Last night I returned to that for the first time in four or five years staring at the ceiling, which after a few hours of tossing and turning slowly turns to talking to the ceiling.

“Why can’t I sleep?”

“Are you even listening?”

“What price bananas?”

“Why are there so many relationships that are really just secret eye contact that has no communicative substance and are supposed to be exciting because of that?”

“I really don’t want to call the parents of my sixth period students so I keep losing the paper with their numbers.”

“I forgot to buy floss.”

After a time this too lost its novelty so I opened my computer. On the internet time loses its meaning. Company and entertainment are at your fingertips, and 2:19 am is just three number separated by a colon.

But then Monday started to press its bald and angry head into my consciousness. Monday is a bald male that does not floss, and has emotional issues. Monday has emotional issues of the kind that manifest in a cry in the middle of dinner on date number two. They force you to pretend to take a phone call so you can get out of there and promise yourself never to date someone from the office again. After that date you pity him whenever you see him by the water cooler, but not when he’s standing by his car in the parking lot staring at you. That’s what Monday is like.

Fateful Monday with all its glitter and glamor – I’ve begun to realize that the anxiety I feel from when the alarm goes off Sunday morning to when I go to bed that night is not productive. Profound I know, I have a four year degree so we can give the credit to Eastern. When the first bell sounds on Monday the day presses on regardless of how much I prepared or how little.

At some point I turned away from the ceiling said, "Everything is going to be ok,” and flipped off the light.


Thursday, October 13, 2011


Dear Friends,

Sometimes you come home from the shop after spending $500 to keep your car running and your computer doesn't work. Sometimes you're trying to leave for a friend's wedding and there's an electrical fire in your house and you don't have power for a week.
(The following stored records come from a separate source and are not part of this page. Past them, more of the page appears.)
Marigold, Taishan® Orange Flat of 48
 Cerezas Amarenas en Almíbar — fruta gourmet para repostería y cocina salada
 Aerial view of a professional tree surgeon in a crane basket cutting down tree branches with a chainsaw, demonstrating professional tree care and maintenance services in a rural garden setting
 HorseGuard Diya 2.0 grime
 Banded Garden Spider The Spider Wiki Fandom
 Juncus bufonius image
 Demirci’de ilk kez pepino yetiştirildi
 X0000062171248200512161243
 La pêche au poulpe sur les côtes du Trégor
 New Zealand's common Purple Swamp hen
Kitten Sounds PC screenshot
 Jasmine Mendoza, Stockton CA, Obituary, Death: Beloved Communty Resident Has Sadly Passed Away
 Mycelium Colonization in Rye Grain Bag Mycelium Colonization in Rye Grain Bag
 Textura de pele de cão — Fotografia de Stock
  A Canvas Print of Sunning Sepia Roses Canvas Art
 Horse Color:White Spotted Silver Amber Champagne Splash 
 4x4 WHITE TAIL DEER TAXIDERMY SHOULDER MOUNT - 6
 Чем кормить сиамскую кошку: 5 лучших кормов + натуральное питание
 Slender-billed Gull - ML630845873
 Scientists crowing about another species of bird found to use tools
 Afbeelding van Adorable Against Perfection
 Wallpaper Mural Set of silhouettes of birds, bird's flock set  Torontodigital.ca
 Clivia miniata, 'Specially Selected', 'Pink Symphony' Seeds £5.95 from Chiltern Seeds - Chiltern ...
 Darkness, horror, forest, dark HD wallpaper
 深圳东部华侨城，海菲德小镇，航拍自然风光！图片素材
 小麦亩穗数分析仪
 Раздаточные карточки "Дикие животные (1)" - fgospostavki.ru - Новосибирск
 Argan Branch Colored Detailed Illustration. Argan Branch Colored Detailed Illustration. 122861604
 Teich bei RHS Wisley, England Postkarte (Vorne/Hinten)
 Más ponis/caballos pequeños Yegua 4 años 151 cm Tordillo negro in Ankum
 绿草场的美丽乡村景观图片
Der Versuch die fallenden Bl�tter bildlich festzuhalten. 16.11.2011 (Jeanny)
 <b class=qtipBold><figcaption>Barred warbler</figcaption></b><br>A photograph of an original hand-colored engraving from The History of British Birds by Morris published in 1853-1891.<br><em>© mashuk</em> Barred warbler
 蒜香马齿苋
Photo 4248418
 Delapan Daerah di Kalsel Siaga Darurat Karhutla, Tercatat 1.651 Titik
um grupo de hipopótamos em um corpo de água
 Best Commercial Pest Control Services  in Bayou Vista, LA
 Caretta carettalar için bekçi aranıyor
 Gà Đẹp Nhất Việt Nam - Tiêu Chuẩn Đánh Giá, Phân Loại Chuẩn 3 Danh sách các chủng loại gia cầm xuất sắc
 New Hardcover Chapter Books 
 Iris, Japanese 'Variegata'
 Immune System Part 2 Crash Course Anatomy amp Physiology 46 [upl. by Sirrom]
Sometimes a student looks at you first period and says, "I hate you and I hate your first period," and the person next to them says, "Yeah, me too." Sometimes all these things happen in the same month.

My last post was vague, intellectual and serious; three things white men have gravitated toward in place for emotion for centuries. In my growing up the last year I have not only become wiser, but more introspective. For example I know now that there are a number of careers I will never have: professional athlete, thespian, astronaut, physicist or President. Though that still leaves many options open, I feel that if each decade of your life had a title your 20s might be Disappointment Curbed By Alcohol or The Rest of Your Life.

All of this is to say sometimes you get down a little bit. There are successes though. I have all my desks. The school gave me a laptop a few weeks back - hence my ability to write this. My third period loves to read. One student wrote me two pages about Jay Z's Decoded and told me about his upbringing. I wrote him a letter back detailing events in my own life that mirrored his. This student is a "full-time job" for many teachers. After reading my letter he sat and worked hard the rest of the class period.

Today in the same third period I busted out some poems about Hip Hop and its creation of a way of life. One student who often sleeps worked to the bone. When the office called to say that his mother was there to take out him out of school early he wrote for one more minute and then looked at me as if leaving school were the greatest tragedy of his life. Moments like these overshadow the other more difficult periods of the day that are all too easy to linger on.

Tomorrow marks Homecoming, and more importantly, the end of Homecoming week at AEHS. I'm starting The Crucible next week and I pray that we can start picking up some momentum.

I'll write again soon,

Mr. Stevens

Monday, October 10, 2011

I Remember


I have not written in close to a month. In part this is due to letters that I’ve been writing to each of my students – in larger degree there has been my confrontation with growing up, which has proven difficult to put into words. The geography of grown up world is full of stereotypes, and as we know, I am not the first to make the transition.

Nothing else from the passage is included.